For others, like Mac Talley, who has been relying on the buses for around six years, there are some concerns, like showing up early.
“When they show up early, some people are going to miss the bus,” he said. “Then they end up late for work.”
But, overall, Talley says it's not difficult to depend on CityLink for getting around Peoria.
Fenton and McKnight say there are active efforts to improve public transportation and infrastructure in our area. This is partially due to high availability of state and federal infrastructure funding, the Biden Administration's infrastructure investments and the Rebuild Illinois initiative chiefly among them.
Doug Roelfs, General Manager of CityLink, says a state grant made their recent renewal of a pilot route in Washington possible. They've also received more than five million from Rebuild Illinois, which they're putting towards expanding their electric bus fleet.
“We’ll probably have to improve some of our charging infrastructure,” he said. “I think with this round, we’ll probably get at least four buses added to the fleet.”
This doesn't only mean a wider, more reliable fleet. It also means quieter rides, lowered emissions and future proofs CityLink's buses for an ongoing transition to cleaner energy.
There's also the larger scale, community wide projects. Fenton points to the addition of a pedestrian and bike path to the Bob Michel Bridge as an example.
“But what about when I don’t have $250 million or whatever for a huge project,” he said. “The reality is there are lots of tools that are much less expensive. In fact the most important tool is what I would call routine accommodation.”
Routine accommodation simply means considering everyone who uses the street: cars, bikes and pedestrians, every time changes are made. McKnight says the City of Peoria passed a "complete streets" policy that includes this in 2015.
“But, as we know, that is the first step,” she said. “You have the policy, but the policy is just the framework for implementation.”
Implementation happening in the infrastructure projects dotting Peoria’s roads now.
Philip Behr is the Director of Community Outreach at OSF Saint Francis Medical Center. He participated in the walk audit with Fenton. After the experience, he says his mind was buzzing with his own, smaller ideas for OSF's work in the 61605 zip code.
“There’s not a lot of close grocery stories, what would it look like in the future if we had a new grocery store in that area?” Behr said. “How would individuals get to that grocery store? Or how would they access their healthcare or their physician’s office?”
Behr says one of the most effective parts of the walk audit was when Fenton invited participants to think about their childhoods: walking to school, biking all night or spending a day without parents at the park.

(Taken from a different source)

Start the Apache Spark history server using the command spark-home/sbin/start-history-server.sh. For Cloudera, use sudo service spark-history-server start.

“It makes a lot of sense in terms of: how can we work towards getting a portion of that back?” he said. “Or at least creating a safe environment for our kids to either bike to or play at.”

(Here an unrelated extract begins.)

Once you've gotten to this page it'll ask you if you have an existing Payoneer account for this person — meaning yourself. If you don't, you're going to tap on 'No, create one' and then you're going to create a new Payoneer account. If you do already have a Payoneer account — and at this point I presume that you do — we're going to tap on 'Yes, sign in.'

Questions like these are exactly in line with the ones Fenton hopes to generate with walk audits. He says he sees "enthusiasm and energy" for positive change in the Greater Peoria area.
“I see a real awareness of hope in a positive future,” Fenton said. “Because of the energy of folks and the breadth of people that are engaged on this topic.”
Now, Peoria's transportation future is up to leaders, the available funding, and ultimately how much the community desires getting out on their bikes or strolling to work on a sidewalk again.